Agencies lag Treasuries as yields fall on rise in jobless claims, strong seven-year sale

By Kenneth Lim

Boston, May 26 - Agency spreads widened slightly on Thursday as the market struggled to keep up with falling Treasury yields following another strong government debt auction.

Bullet spreads closed the day about half a basis point wider off Treasuries, an agency trader said.

"Agencies were a little bit squishy today," the trader said.

Callable issuance was slow because the current low coupon levels were not attractive enough for many investors.

The market in general saw only thin trading activity, one market source said.

"The market's starting to wind down," the source said. "The Treasury market has been the center of attraction all week because of the auctions and the news about Europe, so agencies have been taking a back seat to all of these."

The coming long weekend was not helping volumes. Bond markets close early on Friday, and there will be no trading on Monday for Memorial Day.

"Very quiet," the source said.

Yields fall further

Treasury yields put the pressure on agencies Thursday, falling for yet another day to reach a year-low as strong auctions and weak economic data kept investors shedding risk.

The Labor Department on Thursday said jobless claims a week ago rose to 424,000, surprising economists, who had mostly been expecting a drop. The previous week's claims number was also revised higher to 414,000.

The Gross Domestic Product was also maintained at 1.8% for the first quarter. The Street had been expecting an upward revision to 2.2%.

Investors were quick to buy up Treasuries on the back of the weak data, the source said.

"We were really disappointed with the jobless claims numbers," the source said. "We had three weeks of declines in jobless claims, so this was a trend breaker. The data that we've been getting the past few weeks have not been supportive of a strong recovery at all."

Treasuries also got a boost after Luxembourg prime minister Jean-Clause Juncker said the International Monetary Fund may not be able to support the next €12 billion tranche of a bailout program for Greece.

All of that helped to support the Treasury's $29 billion auction of seven-year notes, which sold at a low yield of 2.43%. All three of the Treasury's auctions during the week found strong demand.

The trader said agencies had trouble keeping up with Treasuries as swaps widened. Swaps actually ignored the negative news about Greece, but Treasuries rallied on the news, leaving both swaps and agencies in the dust.
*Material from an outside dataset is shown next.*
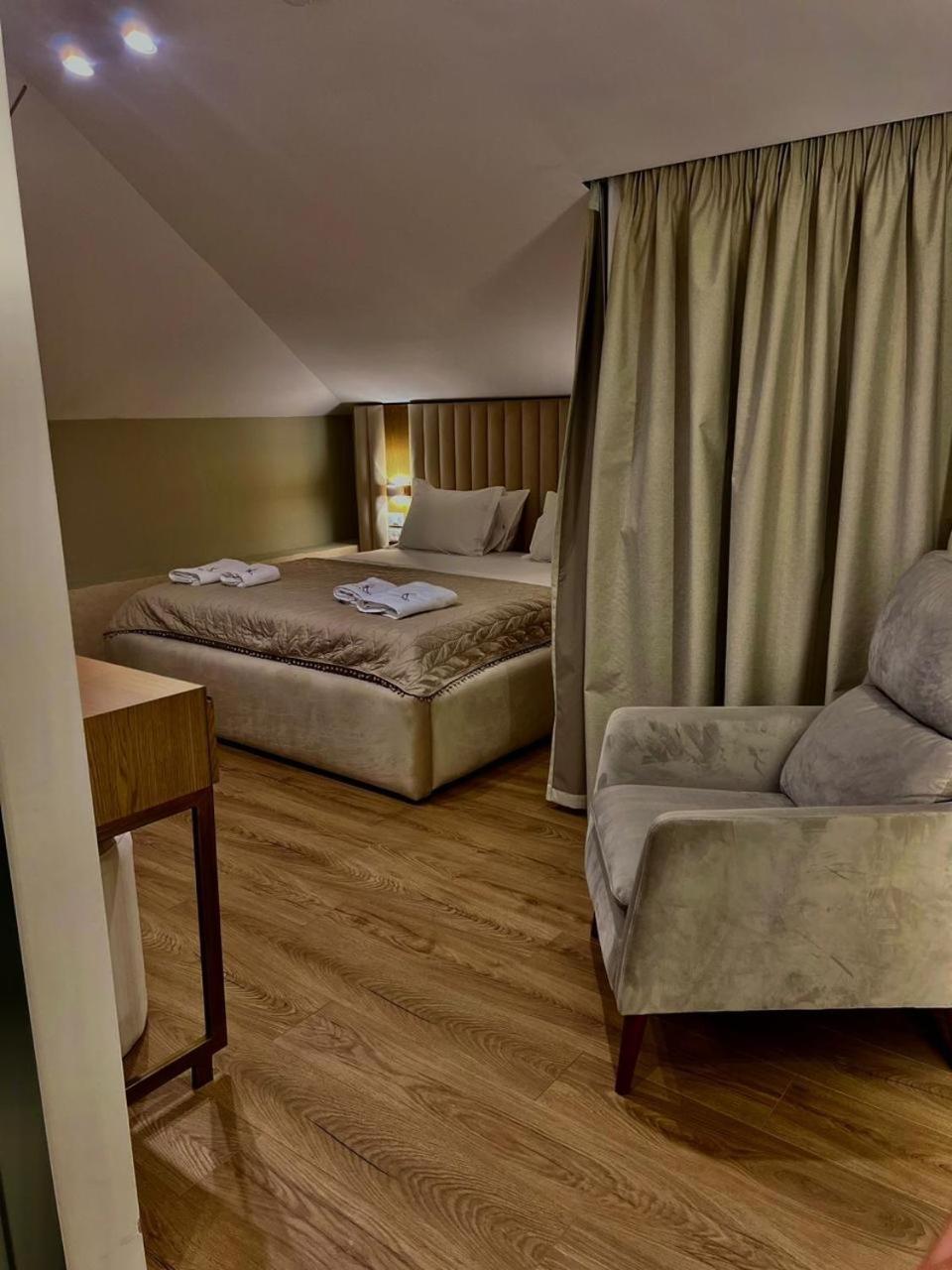 Vila Koja Boutique Hotel ティラナ エクステリア 写真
"We just couldn't keep up," the trader said.

The positive news for agencies is that spreads could easily shift back in when the Treasury rally slows.

"I would say it's a directional trade," the trader said. "It would tighten a little bit if Treasuries back up."

Market winds down

Friday could be another slow session for agencies with the market closing early, the market source said.

The market was also not expecting supply after the long weekend, with Freddie Mac likely to pass on its May 31 issuance announcement.

"Freddie Mac just reopened the five-year, so I don't really expect them to come with another deal on the 31st," the source said. "We've seen a lot of passes this year, and it's going to continue because there's just no need for funding."